Appeals Court Panel Rejects Trump’s Bid To Pin on Justice Department $83 Million Defamation Award to E. Jean Carroll
The Second United States Appeals Circuit blocks the 47th president’s effort to swap in Uncle Sam for himself in the defamation lawsuit.

The ruling of the Second United States Appeals Circuit that President Trump cannot replace himself with the Department of Justice in the defamation case brought by E. Jean Carroll is a setback in the president’s efforts to rid himself of the $83 million defamation judgment awarded to the sexual advice columnist.

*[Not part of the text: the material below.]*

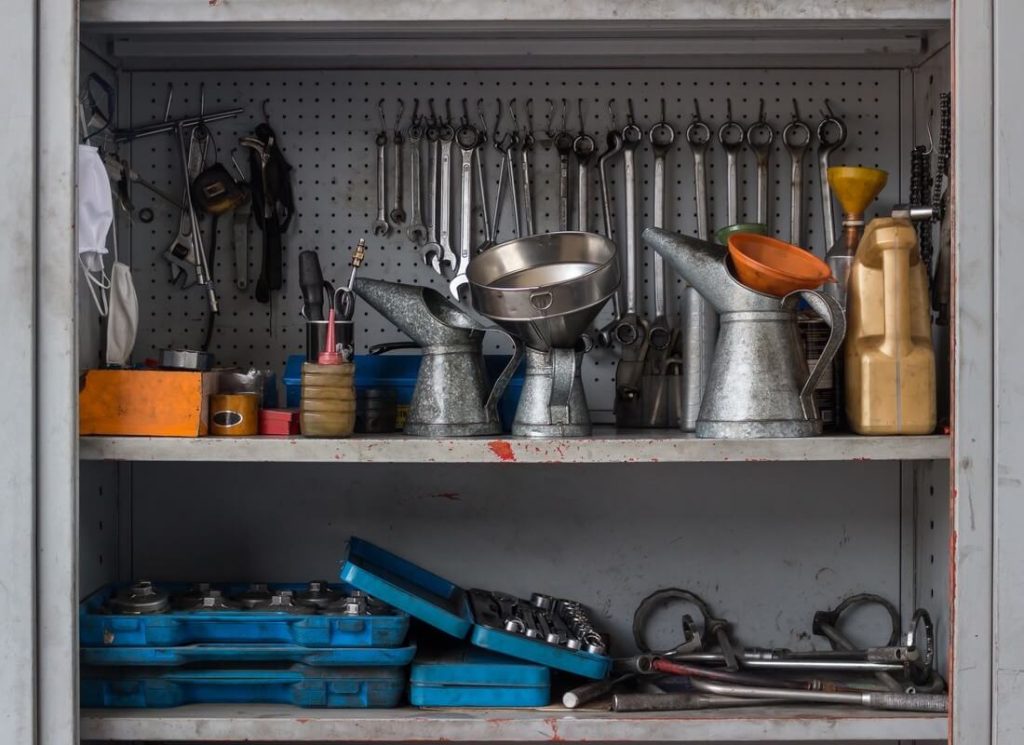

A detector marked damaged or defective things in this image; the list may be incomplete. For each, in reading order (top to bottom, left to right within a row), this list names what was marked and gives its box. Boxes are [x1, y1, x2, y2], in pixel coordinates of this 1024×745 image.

rust stain on metal [489, 442, 516, 460]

The decision to lock in Mr. Trump as the defendant was handed down by the Second Circuit in June, but the appellate court has only now deigned to disclose its reasoning. The three judges on the panel who decided the appeal — Denny Chin, Sarah Merriam, and Maria Araújo Kahn — were all appointed by either President Obama or Biden.
In June 2019, Ms. Carroll, now 81, appeared on the cover of New York magazine and accused Mr. Trump of raping her in a dressing room on the lingerie floor of an upscale Manhattan department store, Bergdorf Goodman, sometime in the 1990s. From the White House, Mr. Trump denied her accusations, famously said she was not his “type,” and called her a con artist.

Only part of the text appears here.